Monday, October 05, 2009
Duplicate content has been a hot topic among webmasters and our blog for over three years. One of
our first posts on the
subject came out in December of '06, and our
most recent post was last
week. Over the past three years, we've been providing tools and tips to help webmasters control
which URLs we crawl and index, including a) use of 301
redirects, b)
www vs. non-www preferred domain setting,
c) change of address option, and d)
rel="canonical"
.
We're happy to announce another feature to assist with managing duplicate content: parameter handling. Parameter handling allows you to view which parameters Google believes should be ignored or not ignored at crawl time, and to overwrite our suggestions if necessary.

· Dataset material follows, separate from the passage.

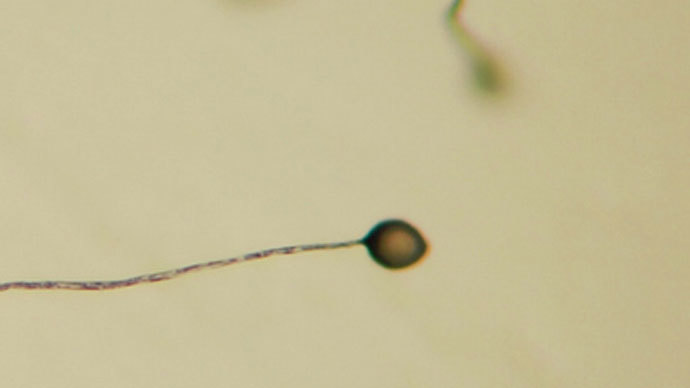 Simple amoeba can help fight Alzheimer's – research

Let's take our old example of a site selling Swedish fish. Imagine that your preferred version of the URL and its content looks like this:
https://www.example.com/product.php?item=swedish-fish
However, you may also serve the same content on different URLs depending on how the user navigates around your site, or your content management system may embed parameters such as < code>sessionid:
https://www.example.com/product.php?item=swedish-fish&category=gummy-candy https://www.example.com/product.php?item=swedish-fish&trackingid=1234&sessionid=5678
With the "Parameter Handling" setting, you can now provide suggestions to our crawler to ignore the parameters category, trackingid, and sessionid. If we take your suggestion into account, the net result will be a more efficient crawl of your site, and fewer duplicate URLs.
Since we launched the feature, here are some popular questions that have come up:
Are the suggestions provided a hint or a command?

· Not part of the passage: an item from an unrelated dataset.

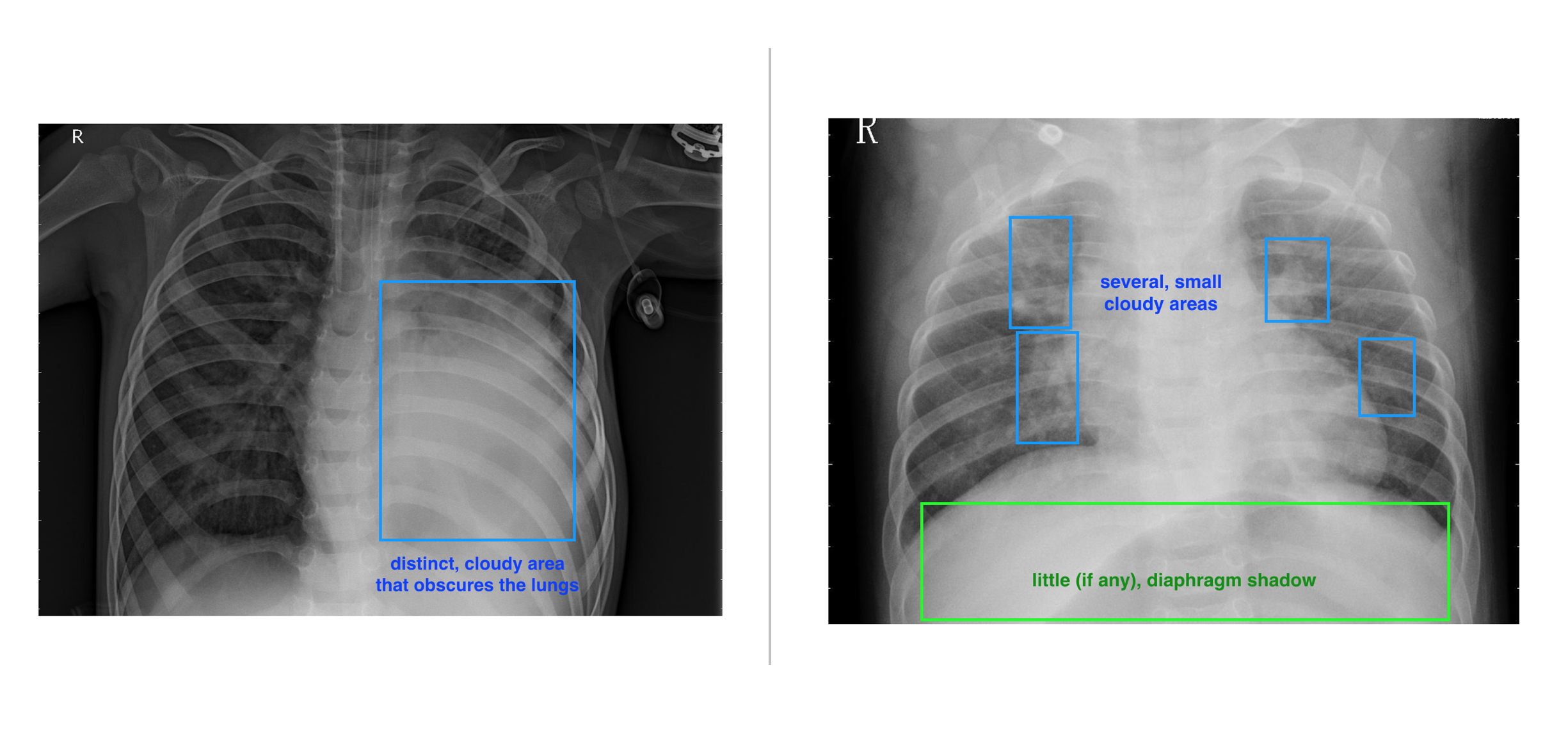 Examples of pneumonia symptoms: (Left) a concentrated, opaque area in the lungs, (Right) multiple, smaller opaque areas throughout the lung area and any diaphragm shadow is obscured.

Your suggestions are considered hints. We'll do our best to take them into account; however, there may be cases when the provided suggestions may do more harm than good for a site.
When do I use parameter handling vs rel="canonical"
?
rel="canonical"
is a great tool to manage duplicate content issues, and has had huge
adoption. The differences between the two options are:
-
rel="canonical"
has to be put on each page, whereas parameter handling is set at the host level -
rel="canonical"
is respected by many search engines, whereas parameter handling suggestions are only provided to Google
Use which option works best for you; it's fine to use both if you want to be very thorough.
As always, your feedback on our new feature is appreciated.